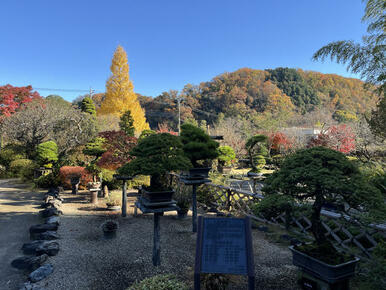 高尾駒木野庭園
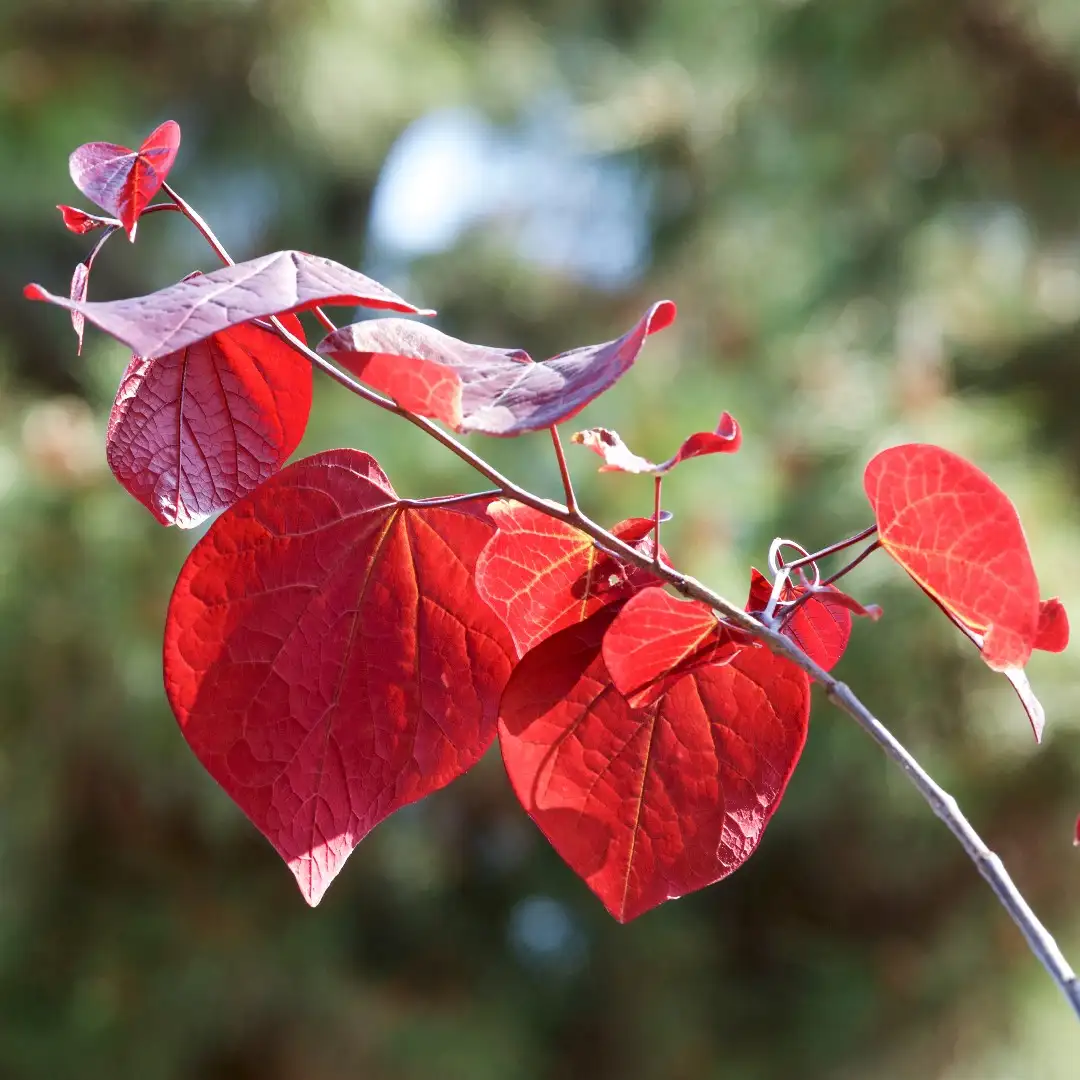 アメリカハナズオウ フォレスト パンシー Cercis Canadensis Forest Pansy 花言葉 毒性 よくある質問 Picturethis アメリカハナズオウ フォレスト パンシー Cercis Canadensis Forest Pansy 花言葉 毒性 よくある質問 Picturethis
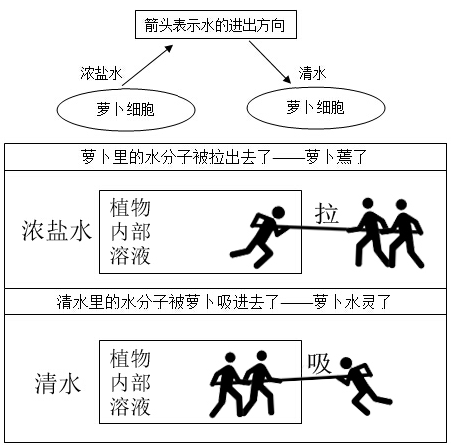 2016上半年教师资格证考试真题:中学教育知识与能力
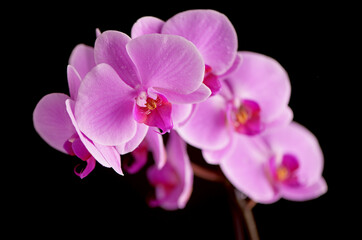 beautiful purple Phalaenopsis orchid flowers, on black background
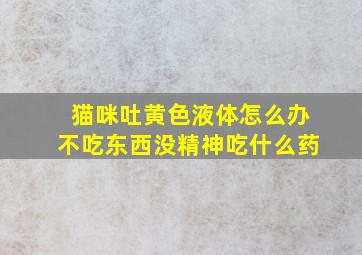 猫咪吐黄色液体怎么办不吃东西没精神吃什么药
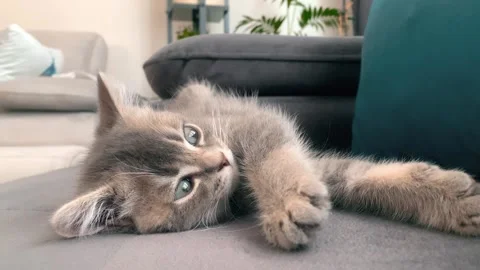 A cute british kitten sleeps Stock Footage 290089697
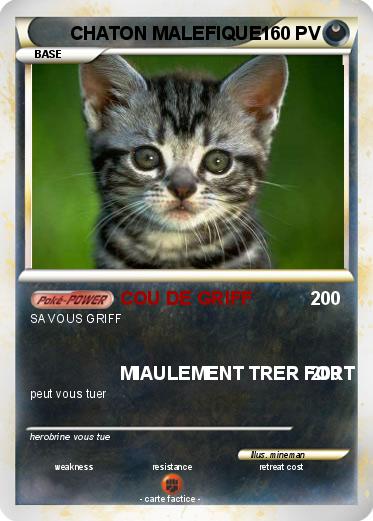 Pokemon CHATON MALEFIQUE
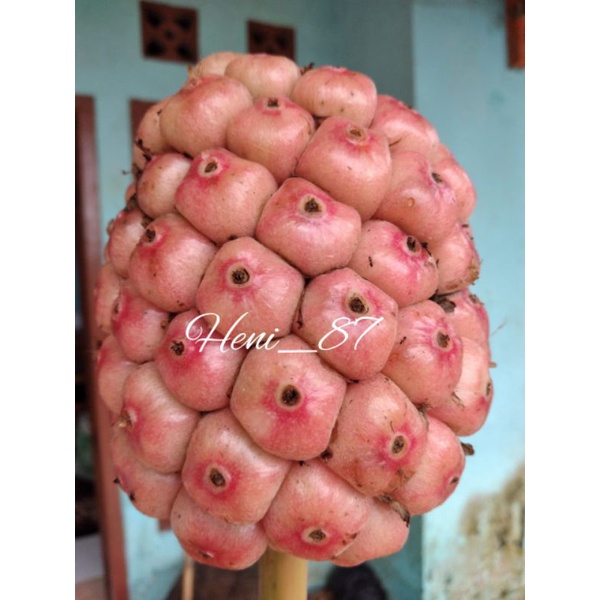 

buah honje segar 1kg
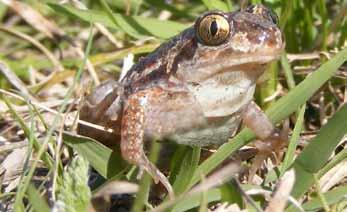 Zöld levelibéka (Hyla arborea) Barna ásóbéka (Pelobates fuscus) Fajgazdag család egyetlen hazai képviselője ez az általában közkedvelt, szép kétéltű.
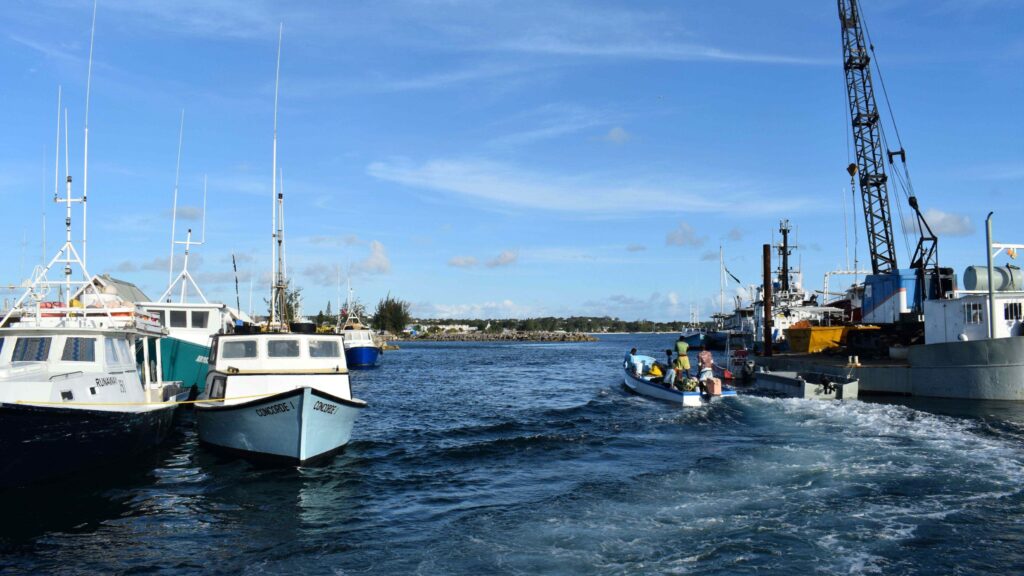 Photo of boats in the ocean near to the shore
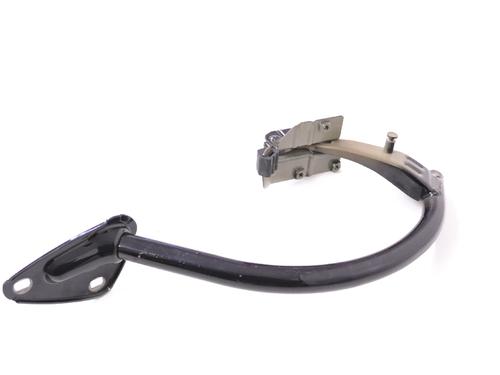 Hinge/Door check strap VW CC B7 (358) 2.0 TDI | BP14773200C146 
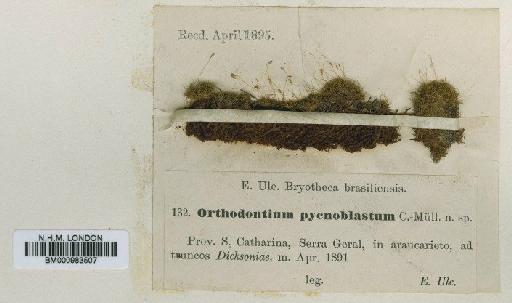 Orthodontium pellucens (Hook.) Bruch, Schimp. & W.Gümbel - BM000983507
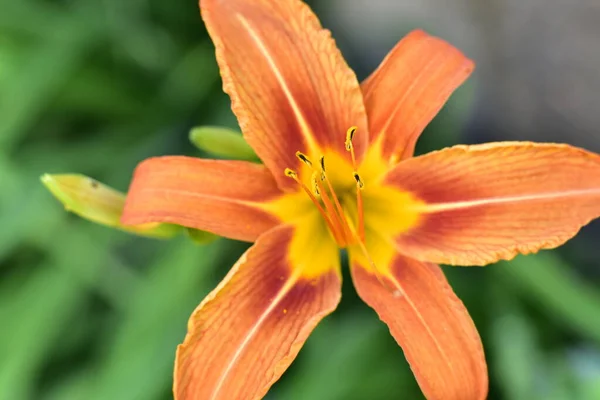 Beautiful Lily Flowers Growing Garden Floral Concept Image — Stockfoto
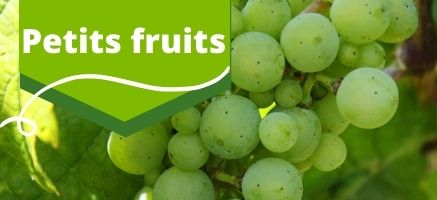 Boutique en ligne _ Produit _ végétaux _ Petits fruits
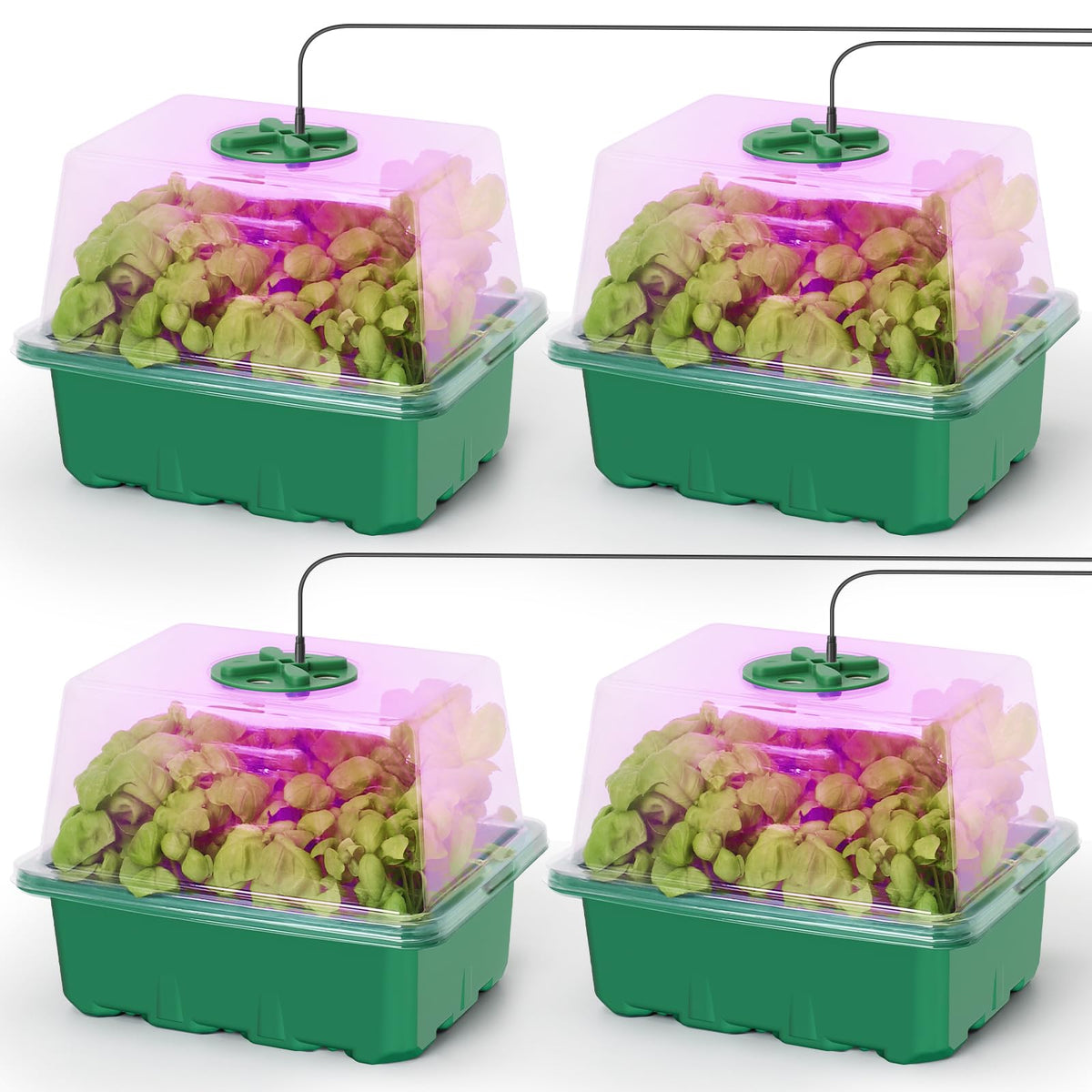 MIXC 6 Pack Seed Starter Kit with Grow Light, Vented Humidity Dome, Green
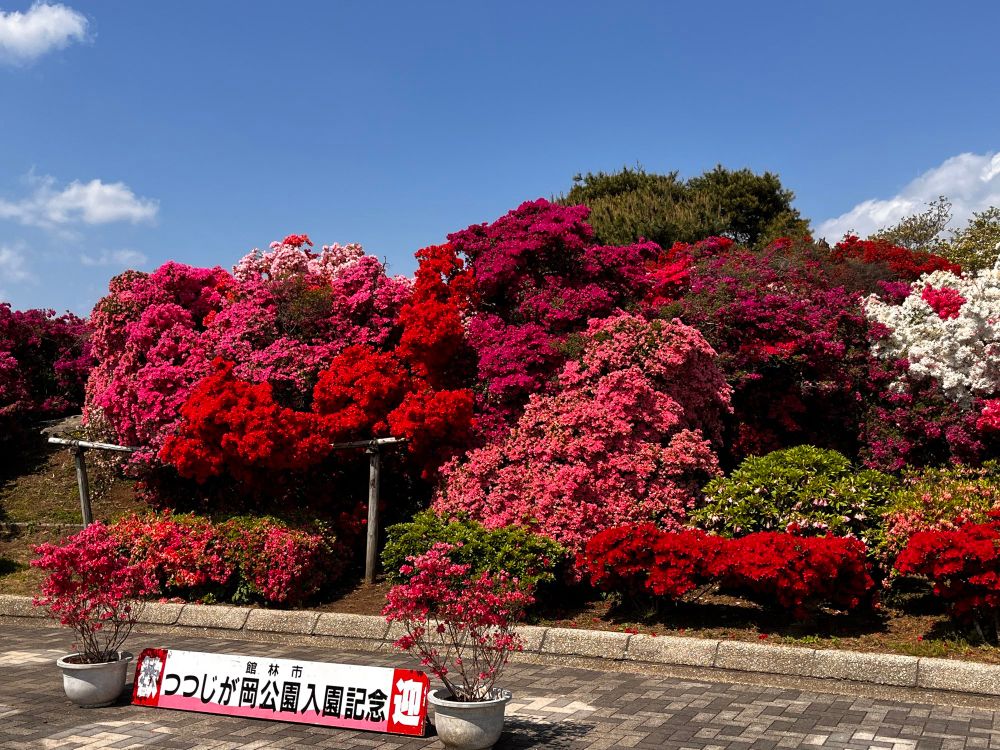 群馬県館林市のつつじが岡公園で開かれているつつじまつり
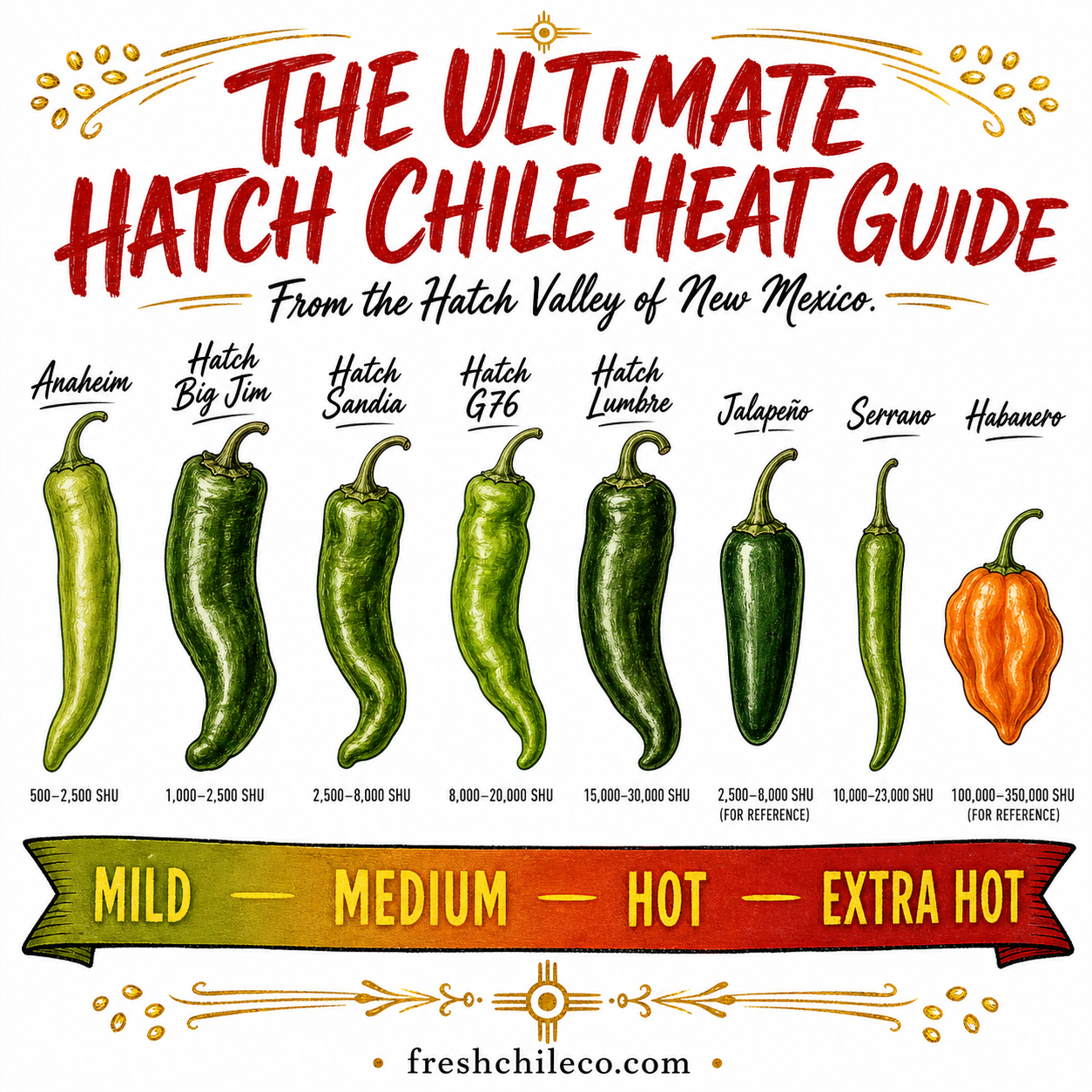 575 Sandia Select Green Hatch Green Chile (Hot) product image 4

__Problem requirements__.
Only the lines from the one that contains "Hinge/Door check strap" to the end of the records, inclusive, are to be quoted exactly, with pictures excluded.

__Result for this task__.
 Hinge/Door check strap VW CC B7 (358) 2.0 TDI | BP14773200C146 
 Orthodontium pellucens (Hook.) Bruch, Schimp. & W.Gümbel - BM000983507
 Beautiful Lily Flowers Growing Garden Floral Concept Image — Stockfoto
 Boutique en ligne _ Produit _ végétaux _ Petits fruits
 MIXC 6 Pack Seed Starter Kit with Grow Light, Vented Humidity Dome, Green
 群馬県館林市のつつじが岡公園で開かれているつつじまつり
 575 Sandia Select Green Hatch Green Chile (Hot) product image 4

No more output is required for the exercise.